1Klinika dětského a dorostového lékařství 1. LF UK a VFN, Praha 2Ústav dědičných poruch metabolismu 1. LF UK a VFN, Praha 3Interní oddělení Nemocnice na Homolce, Praha 4Ústav patologie a molekulární medicíny 2. LF UK a FN Motol, Praha
 


Summary:

       Background. Mitochondrial neurogastrointestinal encephalomyopathy (MNGIE) is a disorder with autosomal recessive inheritance caused by mutations in the gene encoding thymidine phosphorylase (TP). TP deficiency results in imbalance of mitochondrial pool of nucleotides leading secondary to multiple deletions and depletion of mitochondrial DNA (mtDNA) and impairment of oxidative phosphorylation system.
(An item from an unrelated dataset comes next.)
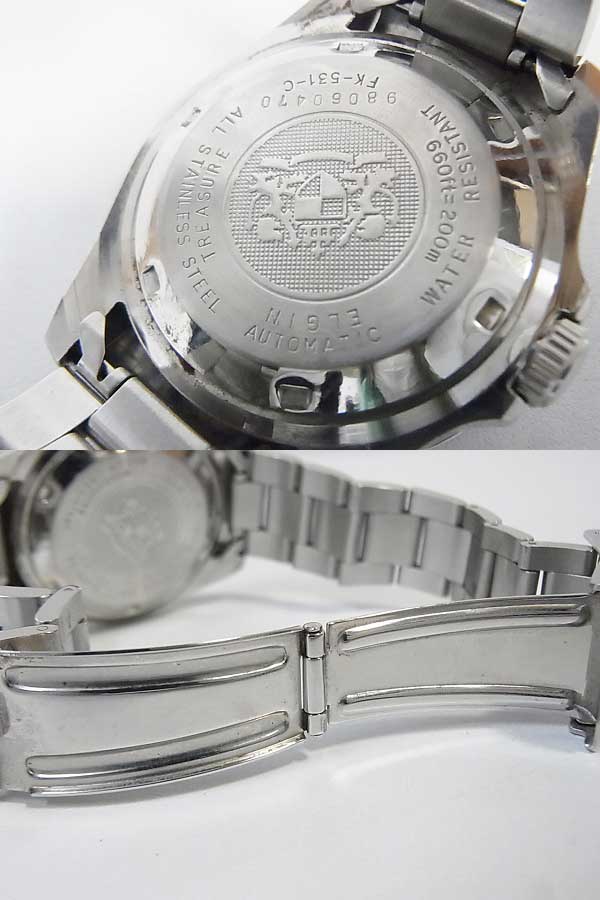 実際に弊社で買取させて頂いたELGIN/エルジン DEEP SEA 自動巻き 三つ折式バックル/FK-531の画像 2枚目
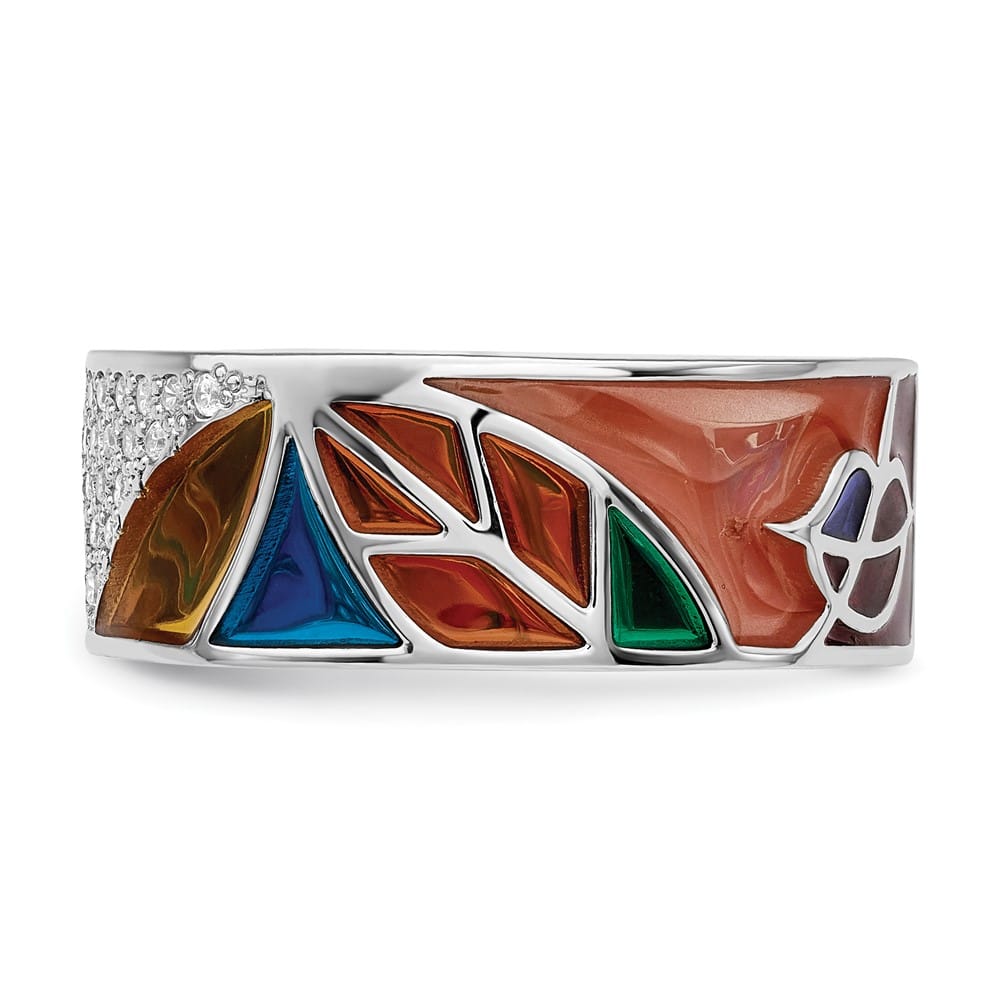 Sterling Silver 7.37 mm Abstract Multi-color Enamel & CZ Cuff Ring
The disease is clinically characterized by gastrointestinal dysmotility with symptoms of pseudo-obstruction, severe failure to thrive, ptosis, leukoencephalopathy, peripheral neuropathy and myopathy. We present results of the clinical, histochemical, biochemical and molecular analyses of the first Czech patient with MNGIE syndrome. Methods and Results. Man, 33-years old with twenty-year history of failure to thrive (height 168 cm, weight 34 kg) and progressive gastrointestinal dysmotility, external ophthalmoplegia, leucoencephalopathy and peripheral neuropathy was recommended to metabolic center. Histochemical analyses in muscle biopsy showed the presence of „ragged red fibers“ with focal decrease of cytochrome c oxidase activity, but spectrophotometric analyses in isolated muscle mitochondria revealed normal activities of all respiratory chain complexes. Metabolic investigation revealed markedly increased plasma level of thymidine (6.6 μmol/l, controls <0.05 μmol/l) and deoxyuridine (15 μmol/l, controls <0.05 μmol/l). The activity of TP in isolated lymphocytes was low (0.02 μmol/hour/mg protein, reference range 0.78±0.18). Molecular analyses in muscle biopsy revealed multiple mtDNA deletions and homozygous mutation 1419G>A (Gly145Arg) was found in gene for TP. Both parents are heterozygotes. Conclusions. MNGIE has to be considered in patients presenting with a combination of gastrointestinal and neurological symptoms. Plasma level of thymidine may serve as the best method for laboratory screening of MNGIE, but molecular analyses are necessary for genetic counselling and prenatal diagnosis in affected families.

        Key words: MNGIE, gastrointestinal dysmotility, thymidine, thymidine phosphorylase, ECGF1.